Strength for the Greenback After the Fed’s Statement
The dollar has held steady or advanced slightly in most of its pairs after the Fed kept the funds rate at 5.25-5.5% on Wednesday 20 September as expected. The main new information for traders from the press conference was the hint of one more hike by the end of the year, something which isn’t currently priced in. This article summarises the situation for monetary policy in the USA and briefly analyses the charts of gold and euro-dollar.
The Fed’s statement came with the familiar language of uncertainty, assessing new information and strong commitment to bring inflation back to 2% in the medium to long term. It also indicated that rates will remain higher for longer, which was fairly widely expected. However, traders were somewhat surprised by Dr Powell’s comment during the press conference that ‘we have more to do with rates’. That would appear to signal an upcoming hike, but traders aren’t pricing this in yet:
As of 22 September, fewer than a third of participants expect the Fed to call for a hike at its next meeting in November. The majority still expects the current 5.25-5.5% to be the peak of this cycle of tightening; however, the consensus for the first cut has now moved back to July 2024.
Overall, economic conditions in the USA are much less bad than had been anticipated around this time last year or in early 2023. Job data and GDP remain decent considering how high and how quickly the funds rate has gone up. The Fed can also highlight strong progress on inflation without resting on its laurels yet:
Although PCE moved up in July, that came in the context of an overall strong downtrend. It appears that the recent rise in the rate of inflation in the USA and various other countries is primarily due to gains by crude oil rather than other underlying factors like persistent high demand.
The Fed remains very cautious about economic projections. When asked whether people should expect a soft landing as the base case, Dr Powell was unusually direct with his answer: ‘No, I would not do that. I’ve always thought that the soft landing was a plausible outcome, that there was a path to a soft landing. It’s also possible that the path has narrowed and widened.’
This particular comment might drive traders to focus more closely on 27 September’s final GDP for the second quarter. The consensus on Friday 22 September was 2.2% against the second estimate of 2%. If that’s right, the dollar might stand to gain further as participants could start to price in another hike in November or December.
Gold’s volatility was around the average for a meeting of the Fed because the result was more-or-less a foregone conclusion, although traders do seem to be taking more seriously the chances of a hike in the fourth quarter. The yellow metal has generally faced headwinds this quarter as economic projections became less gloomy. Even though the tightening cycle elsewhere also seems to be nearing its end, ‘high for longer’ is likely.
The current sideways trend between the 23.6% and 38.2% weekly Fibonacci retracements seems likely to hold in the runup to GDP data. Volume hasn’t strongly returned from summer’s lull and the moving averages are bunched closely together. The clear rejection of $1,940 after the Fed’s statement with a very large wick might suggest further losses in the medium term. However, traders looking to sell need to be aware of the potential for a false breakout around $1,900, a key psychological support and the area of the 38.2% Fibo.

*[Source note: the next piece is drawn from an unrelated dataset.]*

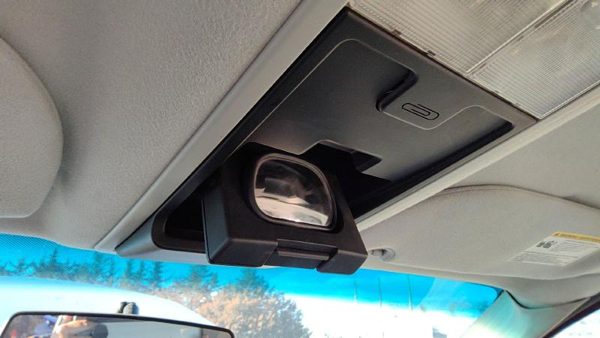 2004-2007 Ford Freestar Center Overhead Console Dome Light Map Lamp Cubby Gray — photo 4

Euro-dollar reached a nine-month low last week amid the relative hawkishness from the Fed, growing likelihood that the ECB might pause hiking and the lacklustre PMI from the eurozone. Philip Lane, the ECB’s Chief Economist, specifically commented that pressure on inflation from pay hikes is starting to subside.
Euro-dollar’s downtrend is clearly still active but consolidation and possibly a small bounce seem favourable before another significant leg down. May’s intraday low around $1.06 hasn’t been broken yet and the area of the 100% Fibonacci retracement based on 2020’s strong uptrend is still in view. Oversold conditions have also been dominant over the summer. Traders highlighting the death cross of the 50 SMA from Bands below the 100 and 200 SMAs as evidence for negativity might do well to wait for an entry higher or use a sell limit, derisking the trade somewhat compared to entering around the current extreme.
The opinions in this article are personal to the writer. They do not reflect those of Exness or FX Empire.